After 1946, we had electric lights on our tree each year. That was what I loved best, the twinkle lights and bubble lights. Max made us a star from cardboard, paint and glitter. I couldn’t have been happier with a Christmas tree when I was under the age of six, than I was with the ones we brought home from the woods. Nobody I knew bought a Christmas tree back then unless you purchased an artificial tree, and no one in our family would dare do such a thing. 

As long as my mother lived, we always had a Christmas tree at her house and until she was unable because of declining health, to handle the big gathering, all of our family came there on Christmas Day, exchanged presents and ate a delicious meal. This time of year the memory of those days wells up in me like water from a spring. I can close my eyes and feel the joy of family, smell the scents of Mother's fruit cake cooking, the dressing we always had for Christmas dinner, the fresh smell of the tree, and hear the voices of my mother, sisters and other dear family members, talking, laughing, sharing their love for each other. 

Today’s Christmas trees wear the most beautiful ornaments and wrappings. I can hardly believe the time and money it takes to decorate even one. 

A few years ago, I visited a cousin, Steve, and his wife, Maria, in Dawson, Georgia. They have renovated one of the old houses still standing in that town and it is beautiful all the time, but at Christmas it looks like Santa's elves have sneaked in and turned the place into a wonderland.

Below see some pictures of their house at Christmas. 

The Christmas tree in the living room of my cousin's house had not one bare branch on it, I'm sure. 



This tree was in a bedroom with ornaments that matched the decor of the room. Every room of this huge house had been meticulously decorated for Christmas. My eyes could not take it all in.

One of the many fireplaces in the vintage house where Steve and Maria live in Dawson, GA. 


The tree below was in the home of Gay and Stu Moring, my sister and brother-in-law. This was before the presents were added. When I see this perfectly shaped tree I smile. So different from the trees we had as children.
We learned how to make a perfectly shaped tree when we grew up and owned a Christmas tree farm. Gay still prunes away anything on the tree they purchase that doesn't look like a Christmas tree. 



I don't dare put up any kind of Christmas tree this year. 
Lexie, my puppy/monkey gets up on tables, into flower pots, trash cans, closets and I can imagine what she would do to a Christmas tree. But she does have a stocking hanging on the mantel that she has not yet discovered,  therefore it is safe -- for now. 

6 comments:

Abbie Taylor said...

Holiday memories get to me, too.

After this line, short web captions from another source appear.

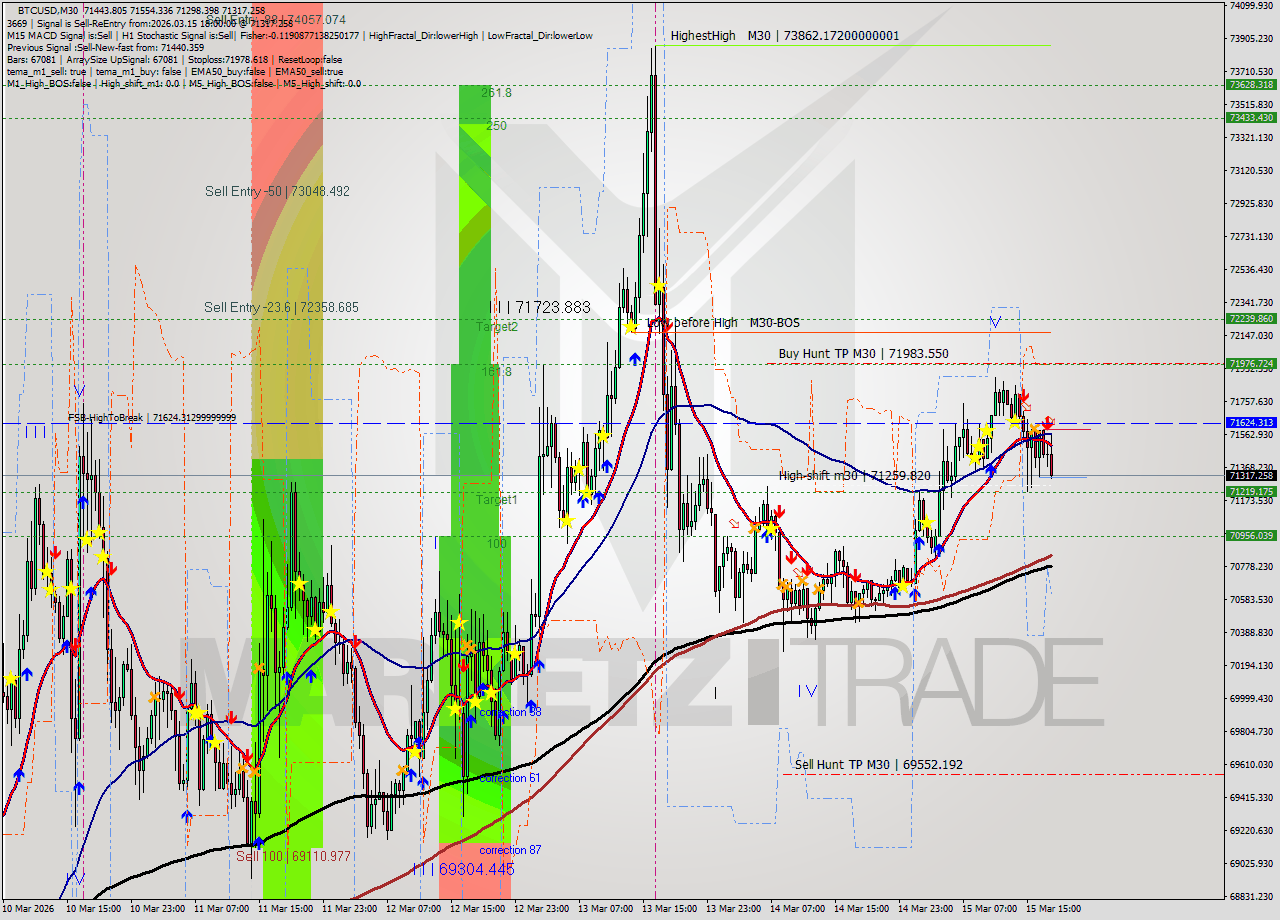 BTCUSD M30 Analysis BTCUSD M30 Signal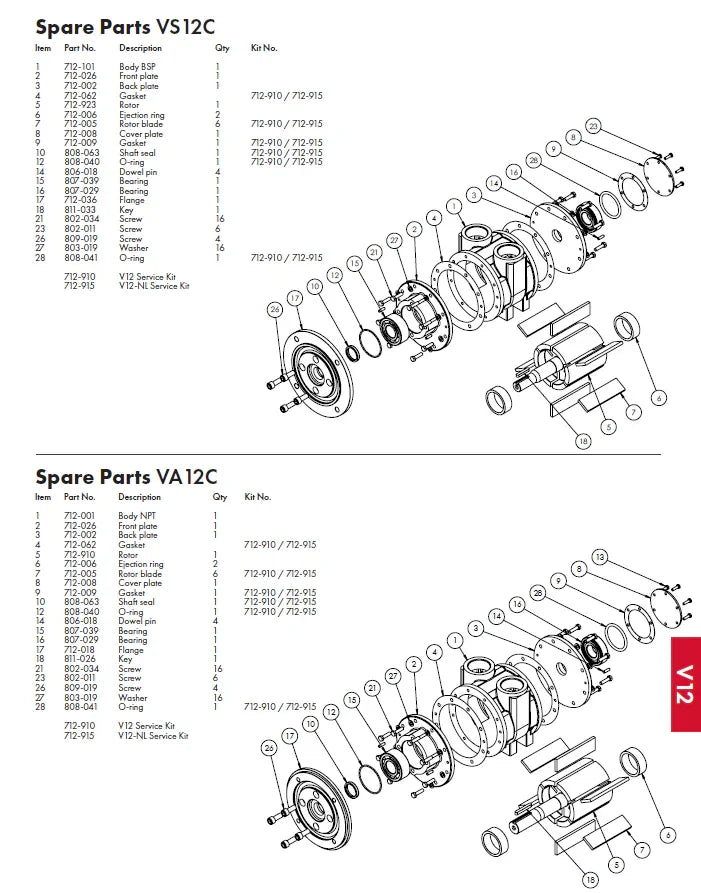 VA12 / VS12 Repair Kit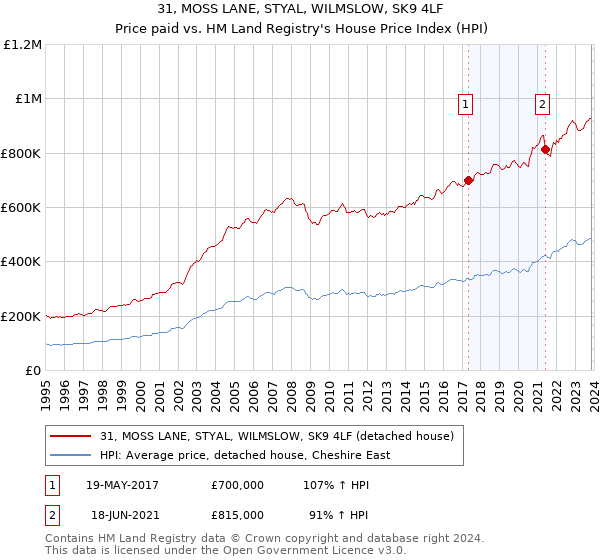 31, MOSS LANE, STYAL, WILMSLOW, SK9 4LF: Price paid vs HM Land Registry's House Price Index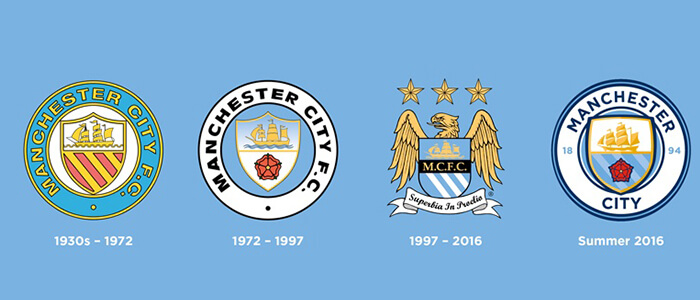 Bayern, Barca und Co. So änderten sich die Logos einiger TopVereine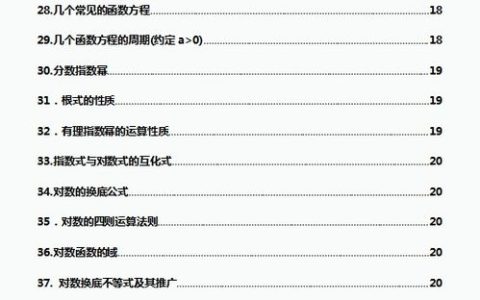 高中数学竞赛满分多少分？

I enjoyed reading yours. May you have a merry Christmas and a happy New Year.

Glenda C. Beall said...



From Pat D.

Ah, yes – bubble lights! One of the few things I still put out. (I’ve got a note on my To Do list to go out into the garage later today or tomorrow and take out the two or three simple things I put out for the holidays.) I’ve always loved bubble lights and I have a string of the old type. Won’t be able to replace any lights when these burn out – I’ve used the extras I had. I’ve looked on EBay and the correct replacement bulbs are so expensive I’d never, ever pay that much. When I was on JI, Christmas was really just another work day – but I had mentioned at some point to Doris (yes, the ‘genealogy’ Doris) that I had always loved bubble lights, and that there would be no Christmas tree in my room that year. She sent me a bubble light night light. I thought that was so sweet of her, and I thoroughly enjoyed it – then and for several years afterward.

(JI is Johnson Island where Pat worked for a while.Look it up. It has a story.)

Glenda C. Beall said...

Thanks, Abbie, for stopping by and leaving your comment. I enjoyed reading your blog about your reading and the fun your community had there. I hope you have a very Merry Christmas and a wonderful 2016.

Abbie Taylor said...

Thank you, Glenda, and the same to you.

Joan Ellen Gage said...

I enjoyed your post.Have a fun Christmas with Lexie!

Glenda Beall said...

Hi Joan Ellen Gage,
Thanks for stopping in and for the good wishes. I hope you and Maggie and Rob will also have a merry Christmas together. Thanks for all you do for me and for our writers, Joan.